Sürdürülebilir mimarinin yapıtaşlarını açıklayan Gönenç, “Hayatımızdaki en önemli gerçek kaynaklarımızın sınırlı olduğu. Bu sebeple kaynakları minimum seviyede kullanmak, doğayla uyumlu ve insan sağlığı için faydalı yapılar üretmek bu konseptin temelini oluşturuyor. Güneş ışığının en verimli şekilde kullanılması, sosyalleşme ve rahatlama alanlarının proje içerisinde yer alması, ergonomik mobilya tasarımı, yeşil alan yaratılması gibi detaylar önemli noktaları oluşturuyor” dedi.
Sürdürülebilir Mimari Anlayışıyla “Geleceğin Ofisleri”
Geleceğin ofislerinin sürdürülebilir mimari anlayışıyla tasarlanacağını söyleyen Yüksek Mimar İklima Şenol Gönenç, “Çalışma alanlarının teknoloji odaklı, ofis içi hareketin, aktivitenin ön planda olduğu, birden çok şeye aynı anda odaklanabilme yeteneğinin gözetileceği şekilde evrilmesini bekliyoruz.

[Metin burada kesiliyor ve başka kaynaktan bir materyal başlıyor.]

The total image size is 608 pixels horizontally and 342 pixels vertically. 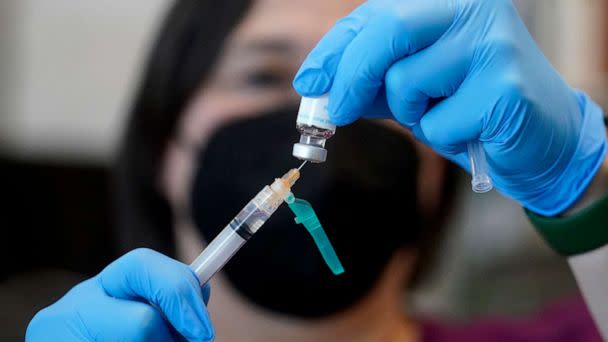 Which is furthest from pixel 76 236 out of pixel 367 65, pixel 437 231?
pixel 367 65

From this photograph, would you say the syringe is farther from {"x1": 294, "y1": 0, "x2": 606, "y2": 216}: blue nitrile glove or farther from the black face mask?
the black face mask

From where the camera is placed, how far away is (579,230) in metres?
0.76

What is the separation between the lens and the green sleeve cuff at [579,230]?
737 millimetres

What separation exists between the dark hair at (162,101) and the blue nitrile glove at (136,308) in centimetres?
68

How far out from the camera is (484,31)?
0.68 metres

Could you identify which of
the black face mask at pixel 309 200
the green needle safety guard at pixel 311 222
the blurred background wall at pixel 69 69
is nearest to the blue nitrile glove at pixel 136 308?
the green needle safety guard at pixel 311 222

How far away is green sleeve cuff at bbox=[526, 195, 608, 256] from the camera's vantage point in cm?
74

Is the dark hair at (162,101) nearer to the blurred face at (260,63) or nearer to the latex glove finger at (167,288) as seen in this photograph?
the blurred face at (260,63)

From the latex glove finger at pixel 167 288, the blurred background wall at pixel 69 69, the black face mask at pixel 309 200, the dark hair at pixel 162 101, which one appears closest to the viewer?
the latex glove finger at pixel 167 288

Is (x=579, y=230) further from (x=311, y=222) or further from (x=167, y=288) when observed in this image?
(x=167, y=288)

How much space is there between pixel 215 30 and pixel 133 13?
101 centimetres

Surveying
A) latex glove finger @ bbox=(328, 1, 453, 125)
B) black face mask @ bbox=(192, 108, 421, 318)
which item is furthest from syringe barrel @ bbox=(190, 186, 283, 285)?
black face mask @ bbox=(192, 108, 421, 318)

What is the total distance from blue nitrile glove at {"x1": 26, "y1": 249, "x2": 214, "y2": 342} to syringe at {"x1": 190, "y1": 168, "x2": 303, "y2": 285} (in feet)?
0.09

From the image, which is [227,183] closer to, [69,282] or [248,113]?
[248,113] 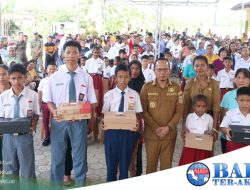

Akıllı sistemlerin ofis mahalleri ve mobilyalarına entegrasyonu günümüzde tasarımlara yerleşmeye başladı ve önümüzdeki yıllarda tasarımların olmazsa olmazı haline gelecek. Teknolojinin her şeyi hızlandırması ve aynı mekanda hareketsiz geçirdiğimiz saatlerin süresinin artması mobilya ergonomilerinin geliştirilmesini mecbur kılacak. Gelecek ofislerin, yalnızca iş üretmenin dışında sosyal ihtiyaçlara cevap veren, teknoloji odaklı, sürdürülebilir ve aynı anda birden fazla iş yapmaya olanak sağlayan (multitasking), durağanlıktan uzak mekanlar olarak tasarlanacağını söylemek mümkün” ifadeleriyle geleceğin ofislerinin sahip olacağı özellikleri sıraladı.